Been There, Done That, I Understand

Back in my hotel bed after yet another productive time spent in the bathroom, I tried to remember when I last had such a severe case of diarrhea. Hmm, Indonesia a few years ago, I thought, and of course Brazil, nearly every work session in the Canela village.

I then started a mental conversation with Jesus, first asking Him to heal me and give me my strength back, and soon. I also reminded Him I was supposed to be in a suit and tie, giving a story packed speech that evening and every night that week before an audience of nicely dressed banquet guests who would be severely distracted if, in the middle of the speech, I had an accident or had to rush out to the nearest bathroom.

I was still mentally explaining my suffering to Him when the thought came, “Yes, I know.” And into my mind popped a vivid picture of Jesus grabbing some leaves and hurrying behind a boulder along the Jericho road to relieve Himself for the umptieth time while the disciples grinned knowingly.

Yes, the divine Jesus was also fully human and suffered the same problems we tend to suffer. “We don’t have a priest who is out of touch with our reality. He’s been through weakness and testing, experienced it all—all but the sin. . . . Though He was God’s Son, He learned trusting-obedience by what He suffered, just as we do” Hebrews 4:15, 5:8 (MSG).

Jesus2Meaning He was tempted to complain about being afflicted with infections and the resulting weaknesses especially when He was busy in ministry.

The next mental picture I got was of Jesus rejoining his disciples and laughing at his predicament.

I, however, was not laughing. I was not only tempted to complain, I did so, frequently, bitterly, and at length. I also claimed healing faithfully, but then doubted His willingness to instantly heal me since day after day nothing positive seemed to be happening. No, not a pretty picture.

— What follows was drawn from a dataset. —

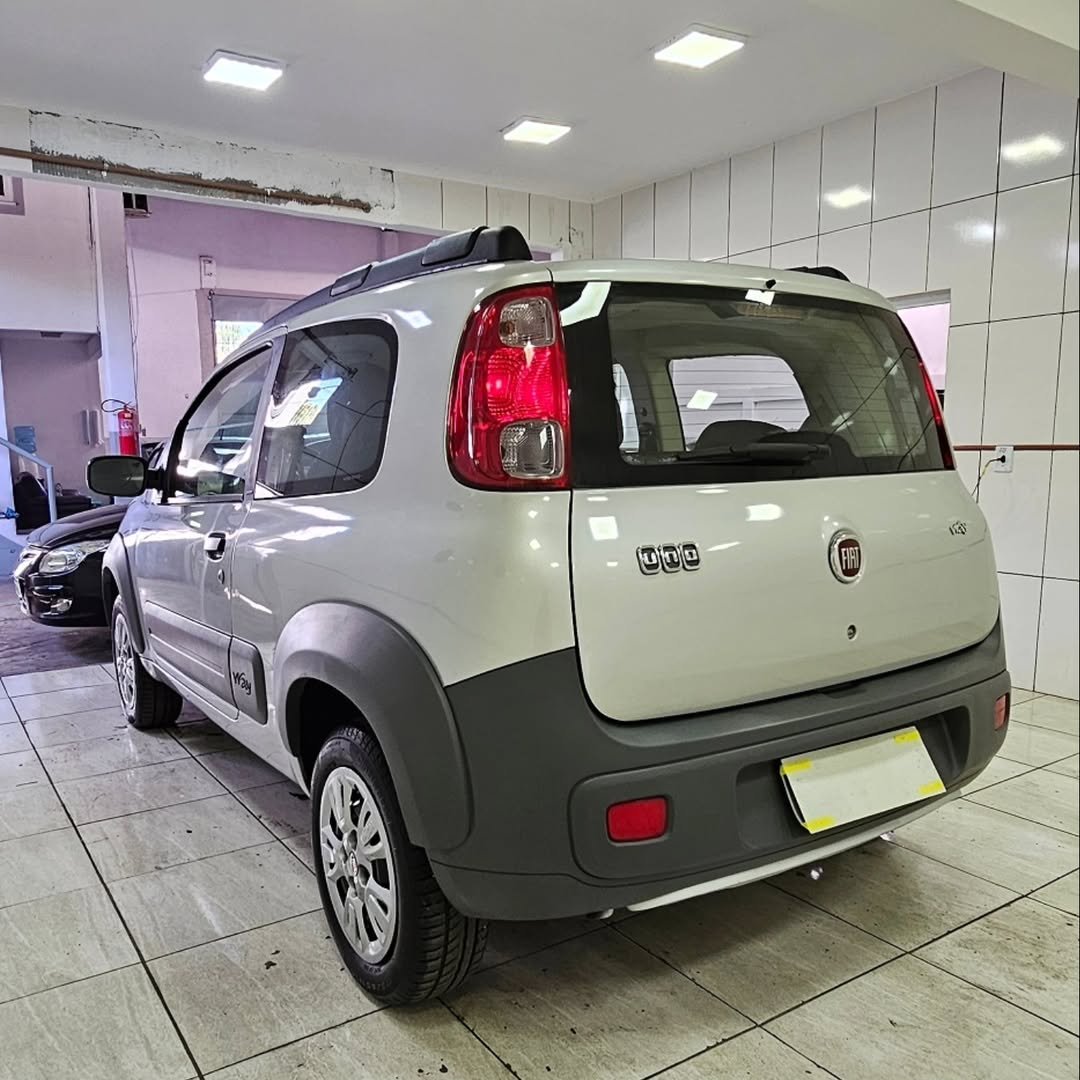 FIAT UNO WAY CELEBRATION 1.0 EVO FIRE 8V FLEX 2P – 2012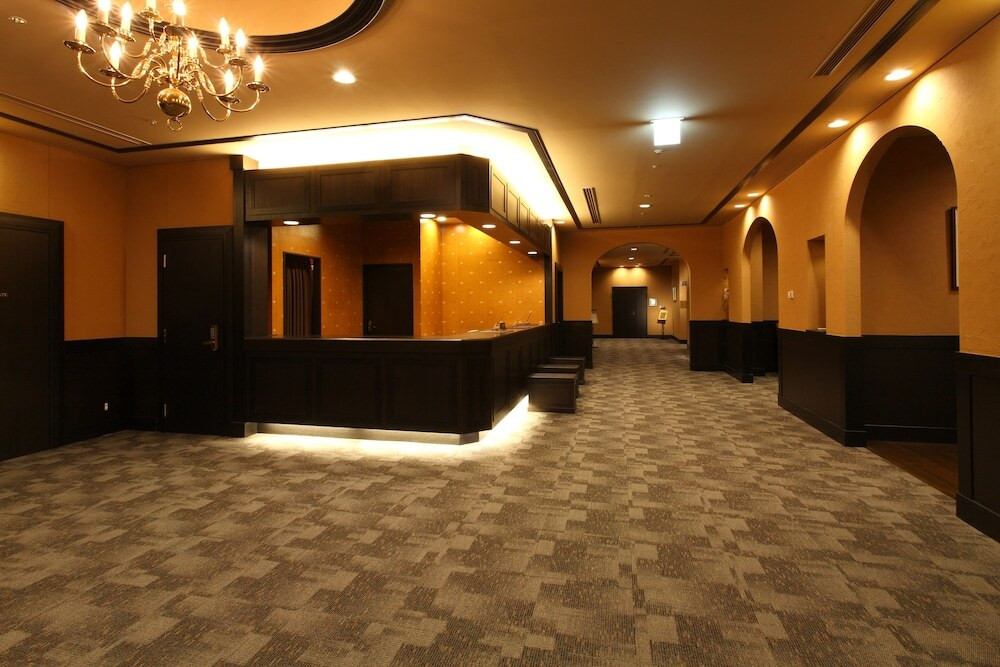 セキュリティバッチリのレディースフロア3910099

It’s now a week later and after a five-day liquid diet, I’m happy to report my digestion is back on track. I’m thankful that there were no distracting accidents or interruptions during any of my five speeches although my presentations were noticeably weaker and less peppy.

I’m also thankful that I got a clearer view of the humanity of Jesus. He was not the thoroughly healthy figure in impeccably spotless white robes, wearing a halo and a devout expression so often pictured in paintings and biblical illustrations.

He looked and smelled a lot more like a Brazilian peasant farmer trudging back from his field to his village at sunset. Sweat stained shirt, dirt streaked pants, and feet the color of the soil they had been tramping since dawn.

Jesus traveled and ministered out in the open air. He also lived there. He and His band of young men slept on the ground, the grass, or the sand many nights, close to the dirt and dust of the earth. That showed on their clothes. He had dirt under his fingernails, and in many other places. He was often dead tired, falling to sleep instantly and soundly even in a tossing boat during a storm.

You know how when you go camping for the weekend you tend to feel gritty and grunky, smelling of sweat and campfire smoke? Then, when you get home, one of the first things you do is have a shower and put on clean clothes, right? Now think of going camping without a tent, sleeping bag, pillow, propane stove, lamp, flashlight, or canned food, and hiking 15 miles a day, week after week for months. That’s what it was often like for Jesus and His band.

In comparison, my problem was a mere inconvenience. Instead of having to walk everywhere, I rode in a van. I slept in an impeccably clean hotel bed every night, and most afternoons, instead of in the sand off the side of the road. I had clean clothes, plenty of liquids, food, medicines, and  . . .

Oh, Lord, forgive my complaining!

Are you complaining about something today?
Jesus says to you, “Yes, I know, I’ve been there too.”